GSAPP SMORGASBORD

Neural Networks

by William Martin

Neural Networks

One of the most significant breakthroughs in ML came with the invention of "neural networks" and their various types. Not only that, neural networks form the basis for almost every modern AI model, including large language models based on the transformer architecture.

Neural networks (NNs)
Deep neural networks
Convolutional neural networks (CNNs)
Recombinant neural networks (RNNs)

Loosely inspired by the structure of animal brains, neural networks are graph-like compute architectures comprised of "nodes," which are modeled after an simplistic abstraction of how natural neurons behave. The essential part of the neuron model is the behavior that "triggers" (or "fires") the neuron, which sends a signal to the downstream neurons to which it connects, upon certain threshold conditions.

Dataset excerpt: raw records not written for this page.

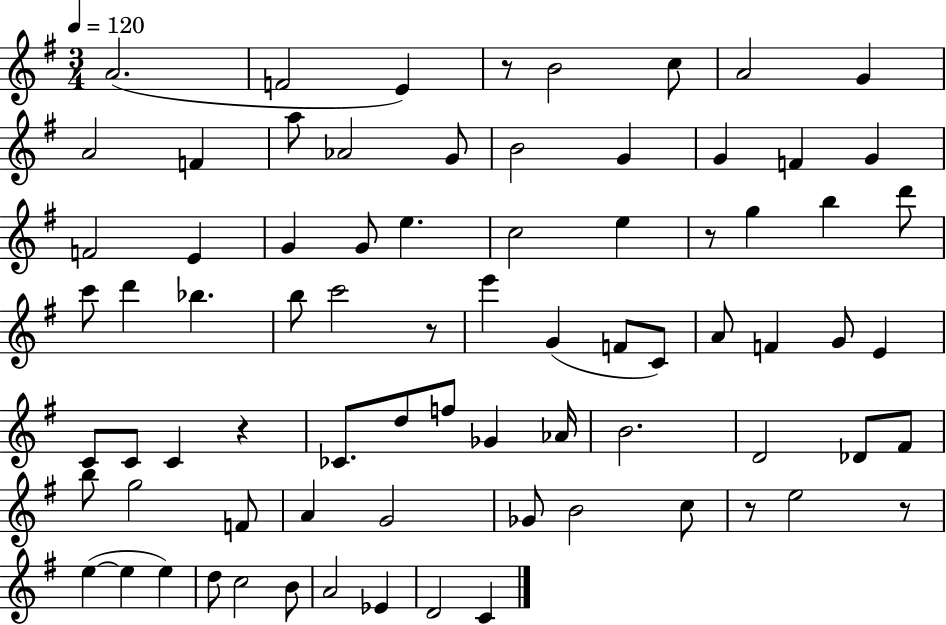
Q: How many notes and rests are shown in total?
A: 77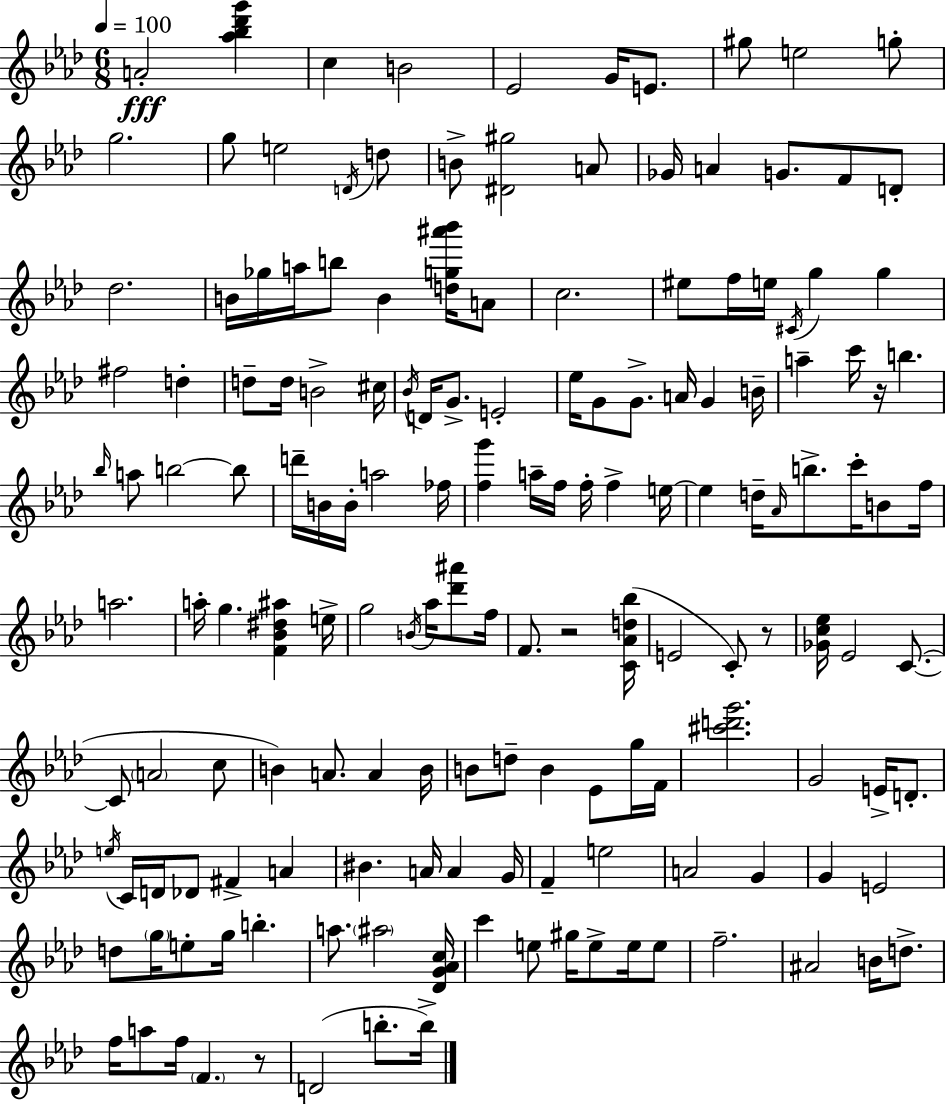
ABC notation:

X:1
T:Untitled
M:6/8
L:1/4
K:Ab
A2 [_a_b_d'g'] c B2 _E2 G/4 E/2 ^g/2 e2 g/2 g2 g/2 e2 D/4 d/2 B/2 [^D^g]2 A/2 _G/4 A G/2 F/2 D/2 _d2 B/4 _g/4 a/4 b/2 B [dg^a'_b']/4 A/2 c2 ^e/2 f/4 e/4 ^C/4 g g ^f2 d d/2 d/4 B2 ^c/4 _B/4 D/4 G/2 E2 _e/4 G/2 G/2 A/4 G B/4 a c'/4 z/4 b _b/4 a/2 b2 b/2 d'/4 B/4 B/4 a2 _f/4 [fg'] a/4 f/4 f/4 f e/4 e d/4 _A/4 b/2 c'/4 B/2 f/4 a2 a/4 g [F_B^d^a] e/4 g2 B/4 _a/4 [_d'^a']/2 f/4 F/2 z2 [C_Ad_b]/4 E2 C/2 z/2 [_Gc_e]/4 _E2 C/2 C/2 A2 c/2 B A/2 A B/4 B/2 d/2 B _E/2 g/4 F/4 [^c'd'g']2 G2 E/4 D/2 e/4 C/4 D/4 _D/2 ^F A ^B A/4 A G/4 F e2 A2 G G E2 d/2 g/4 e/2 g/4 b a/2 ^a2 [_DG_Ac]/4 c' e/2 ^g/4 e/2 e/4 e/2 f2 ^A2 B/4 d/2 f/4 a/2 f/4 F z/2 D2 b/2 b/4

Like in brains, in artificial neural networks, the outputs of one neuron (node) connect to the inputs of another. Each node is essentially a linear equation, containing a set of parameters alongside an "activation function" that determines whether the neuron should "fire" or not (which mathematically means attenuating or lessening the output value of a given node).

Most important, these activation functions enable neural networks to be structured in "layers," a fact that gives them extraordinary abilities to embody complexity.

Diagrams like these show the canonical structure of neural networks and their composite layers. Each circle is a "node," which typically represents a linear equation, with a set of its own "parameters" that act on its inputs. The arrows represent values provided from one node to another.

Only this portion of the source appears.